Pictures with short captions:
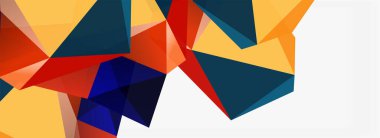 3d mozaik soyut arkaplan, düşük poli şekilli geometrik tasarım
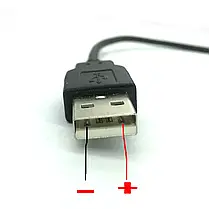 USB-тато із затискачами "крокодил" 60 см тестовий дріт чорний, червоний, фото 5
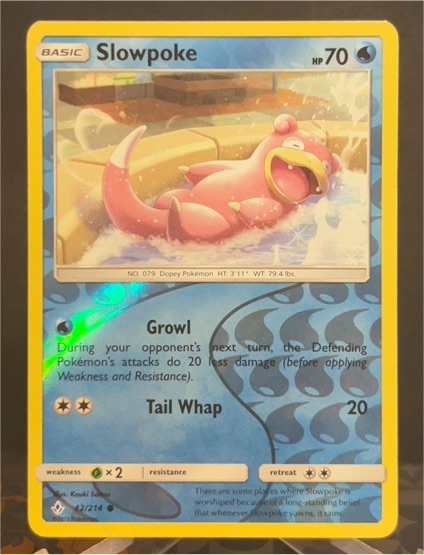 2019 Pokémon Sun & Moon Unbroken Bonds #42 Slowpoke — front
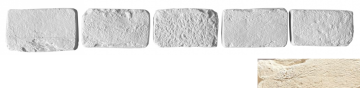Искусственный камень Декоративный кирпич Тычок Мадрид 050 12.5x7-8x1,7 Leonardo Stone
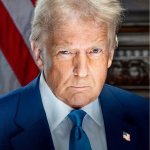 Trump official portrait evil Satan devil Lucifer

Work to be completed |
Beginning with the line that contains "2019 Pokémon Sun" and ending with the last line of the data, restate each line word for word. Exclude the pictures.

Reply to the exercise |
 2019 Pokémon Sun & Moon Unbroken Bonds #42 Slowpoke — front
Искусственный камень Декоративный кирпич Тычок Мадрид 050 12.5x7-8x1,7 Leonardo Stone
 Trump official portrait evil Satan devil Lucifer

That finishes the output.